▶ **EXERCISE**
Below are entries with pictures in them. Output exactly the lines starting at the line with "California Roots Cycling" and ending at the line with "Original FC Bayern", both included, but not the pictures.

----

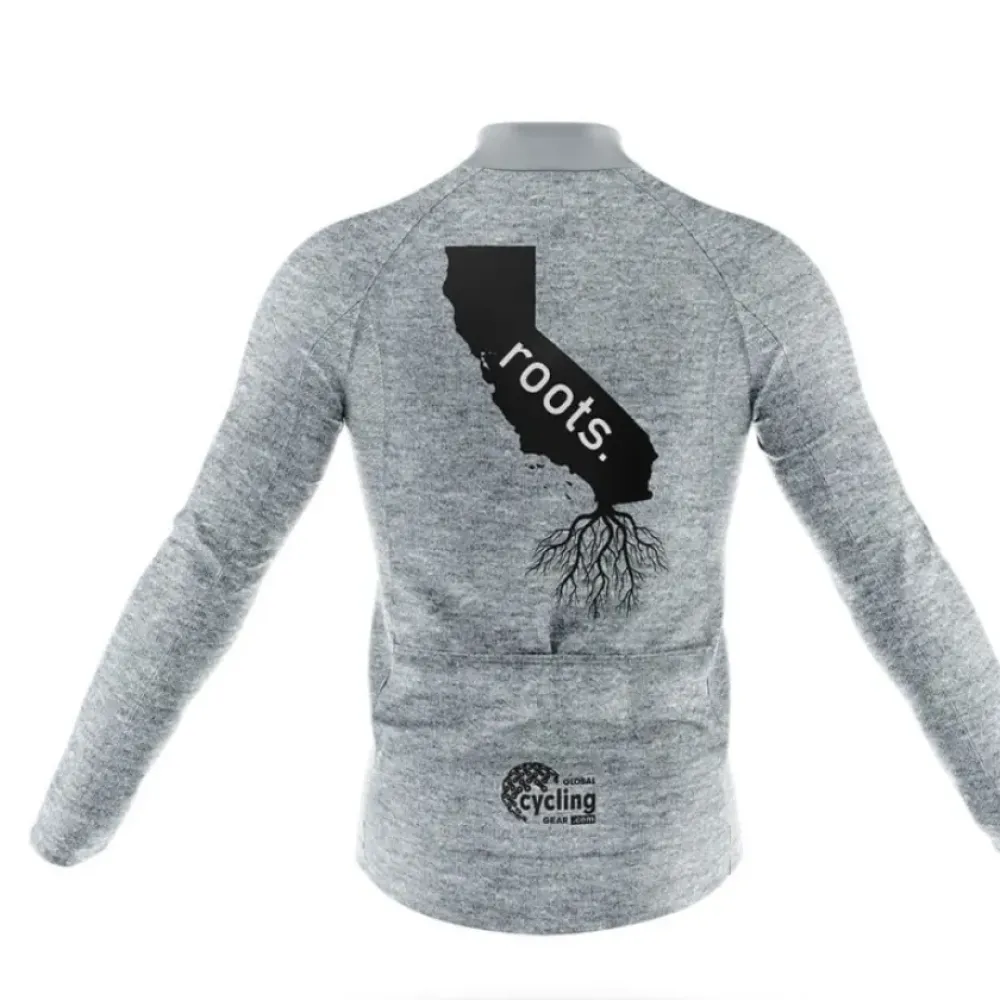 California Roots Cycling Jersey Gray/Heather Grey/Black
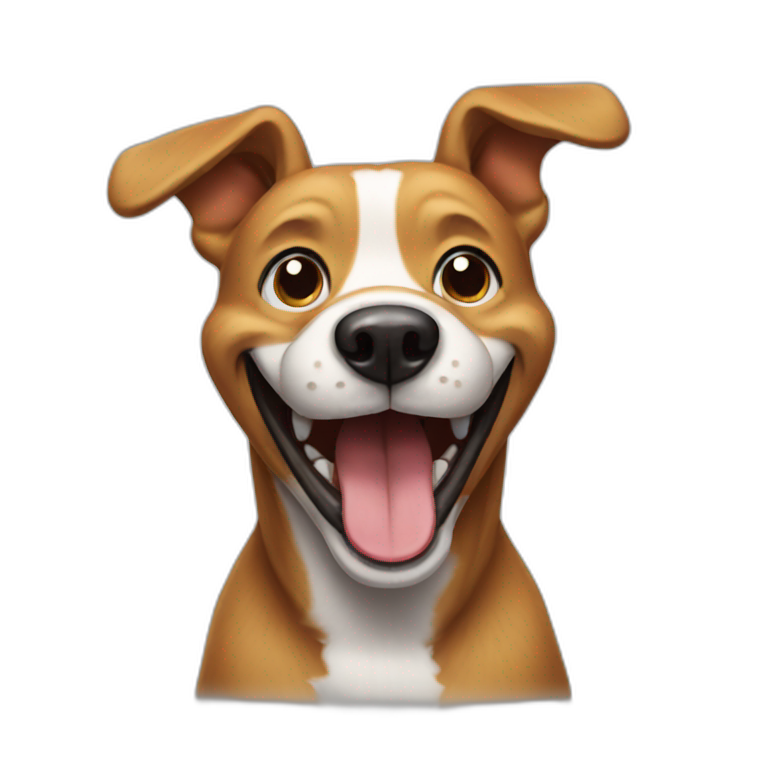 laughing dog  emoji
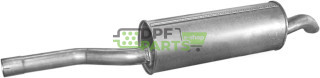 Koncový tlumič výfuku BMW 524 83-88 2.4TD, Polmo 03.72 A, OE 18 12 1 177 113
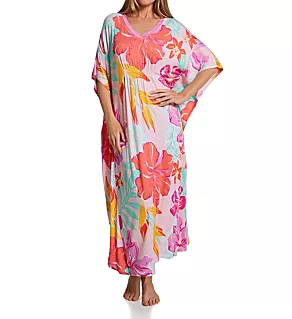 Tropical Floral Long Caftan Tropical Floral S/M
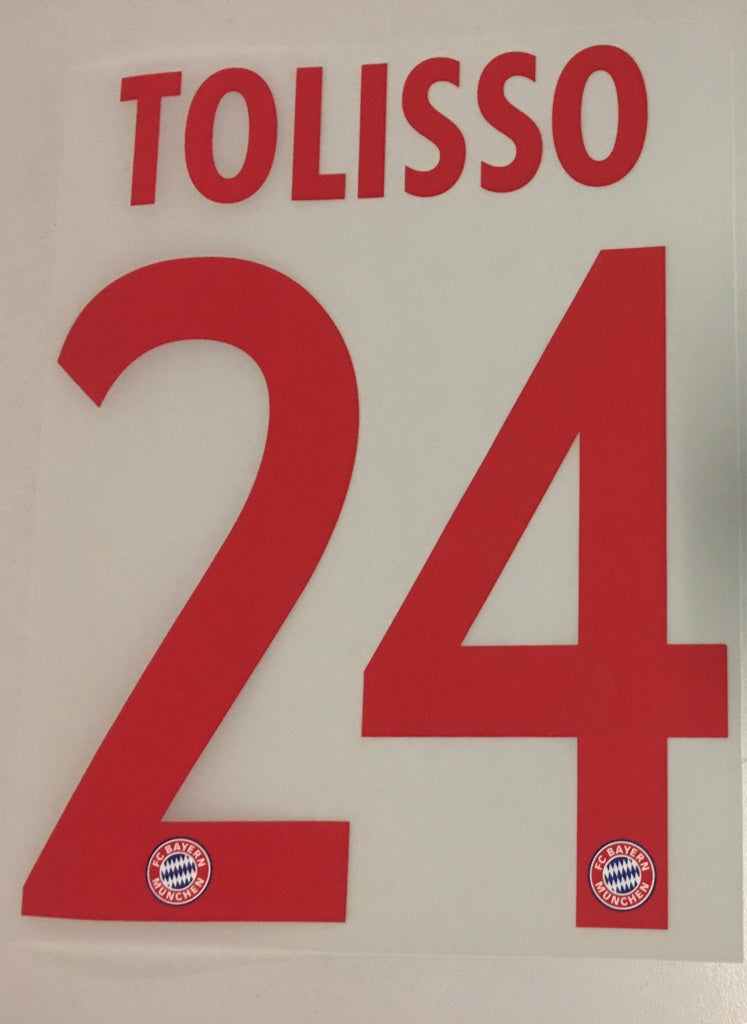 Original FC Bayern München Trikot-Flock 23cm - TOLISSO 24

----

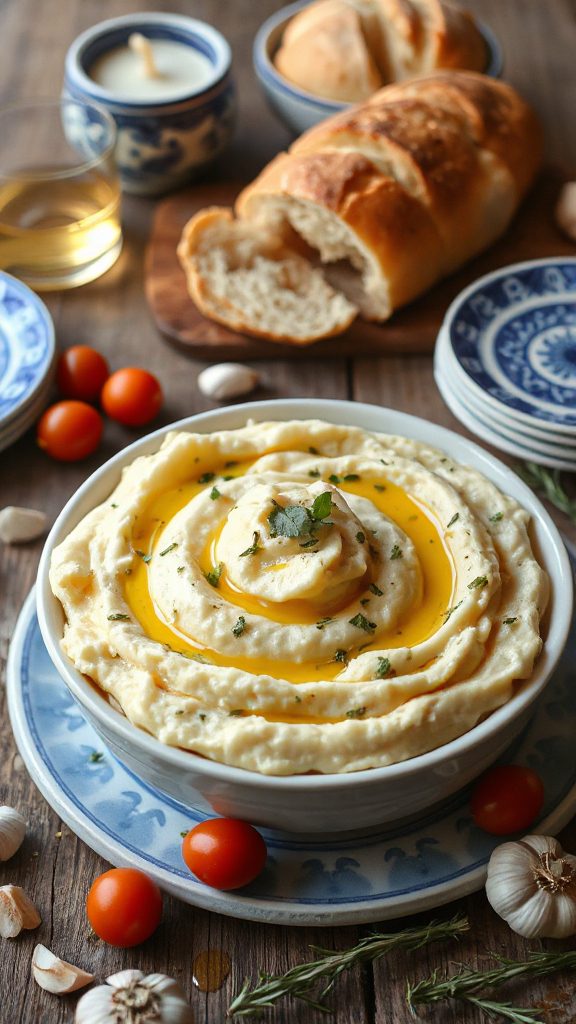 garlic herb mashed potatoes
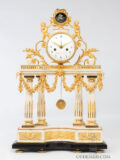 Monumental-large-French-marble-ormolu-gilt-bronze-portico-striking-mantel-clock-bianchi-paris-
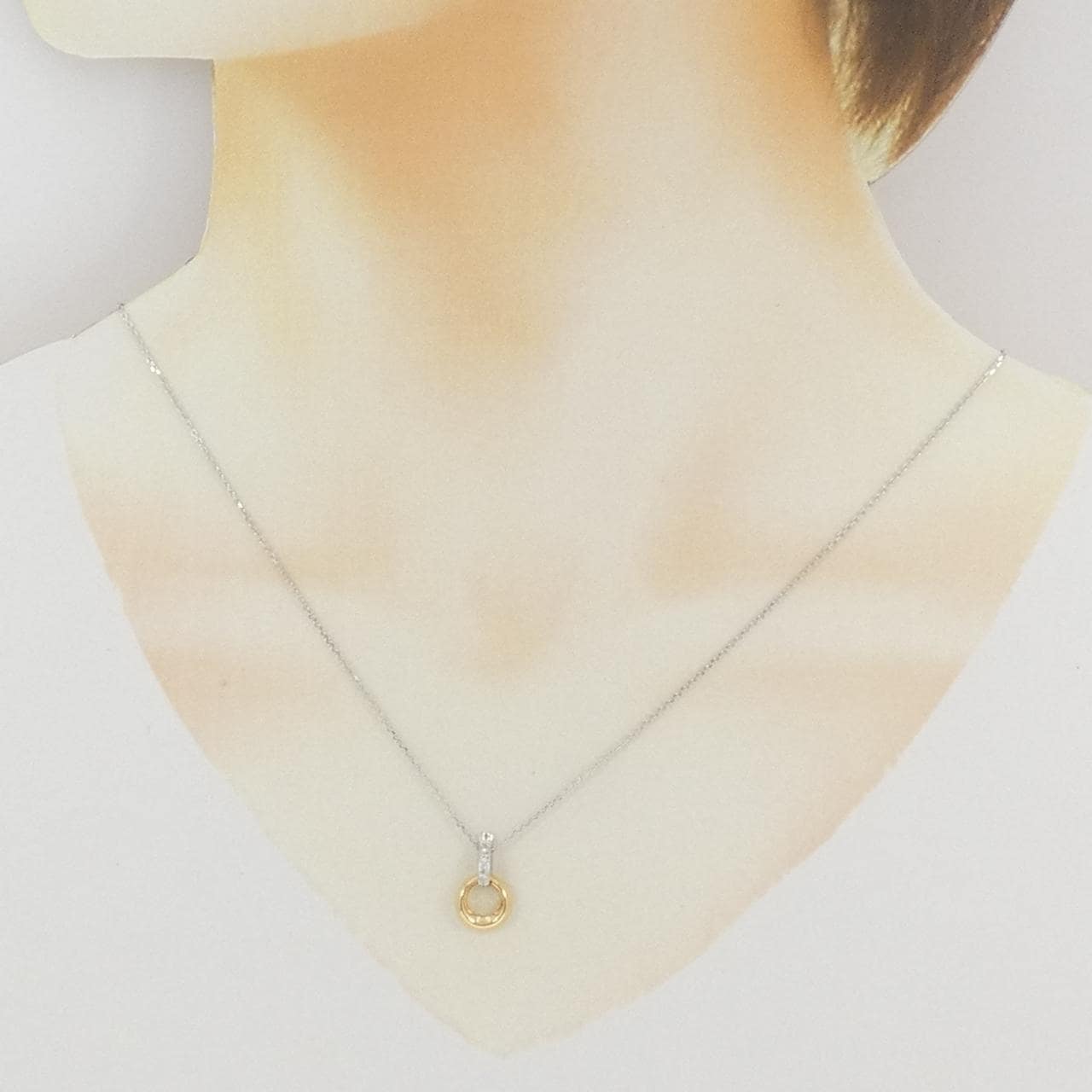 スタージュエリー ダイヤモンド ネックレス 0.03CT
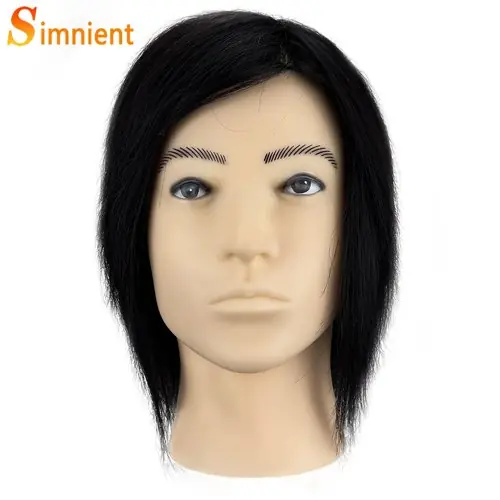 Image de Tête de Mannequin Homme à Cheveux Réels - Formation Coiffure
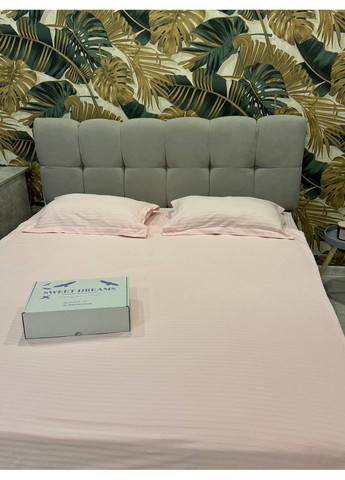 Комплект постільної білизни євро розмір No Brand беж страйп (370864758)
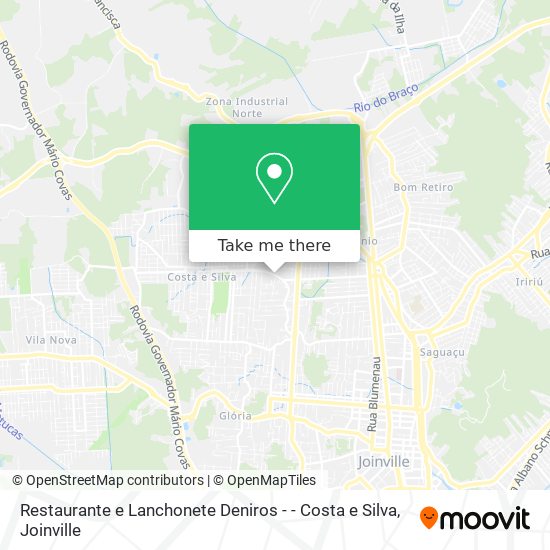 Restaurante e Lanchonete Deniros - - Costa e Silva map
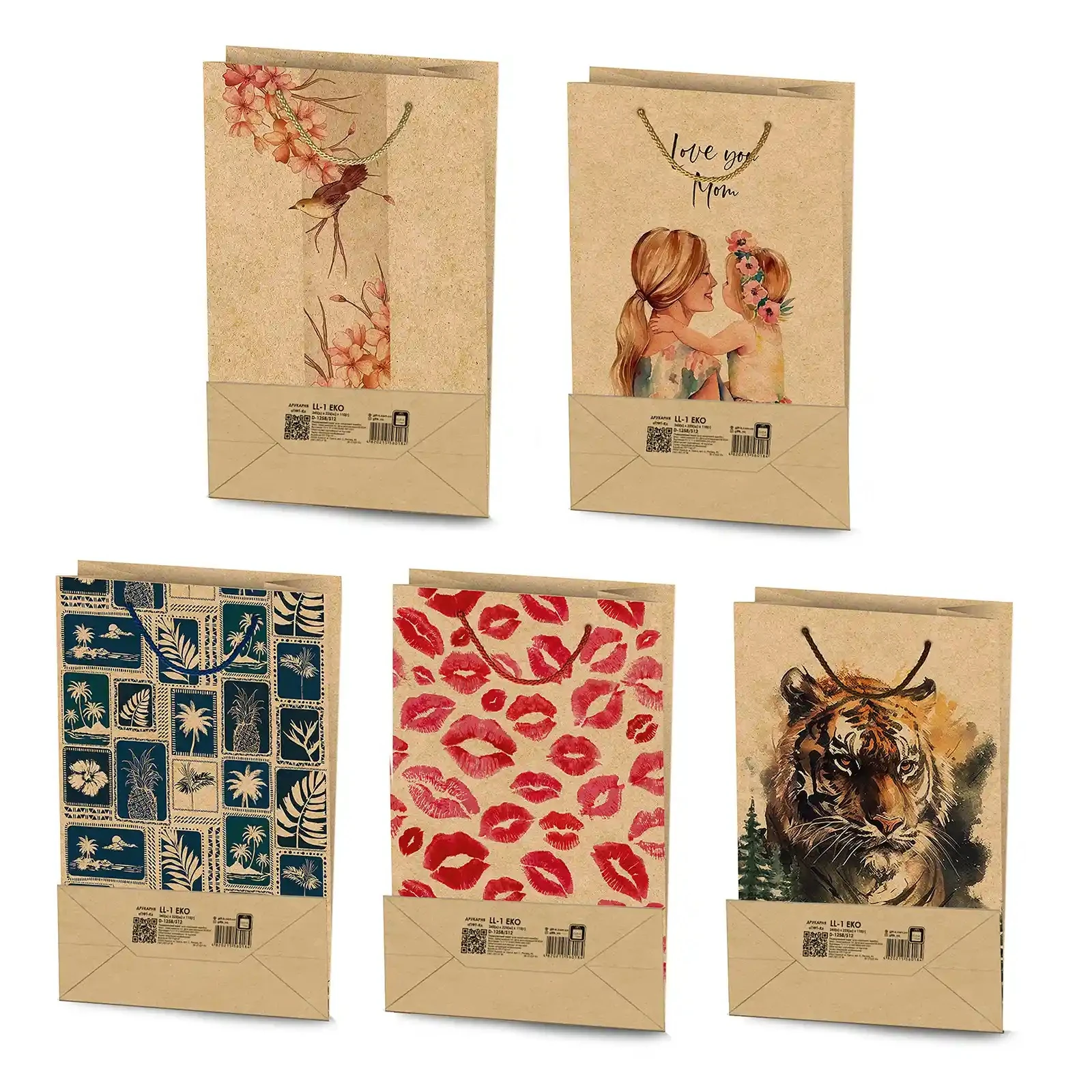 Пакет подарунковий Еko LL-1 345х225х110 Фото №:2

----

▶ **YOUR SOLUTION**
 California Roots Cycling Jersey Gray/Heather Grey/Black
 laughing dog  emoji
 Koncový tlumič výfuku BMW 524 83-88 2.4TD, Polmo 03.72 A, OE 18 12 1 177 113
 Tropical Floral Long Caftan Tropical Floral S/M
 Original FC Bayern München Trikot-Flock 23cm - TOLISSO 24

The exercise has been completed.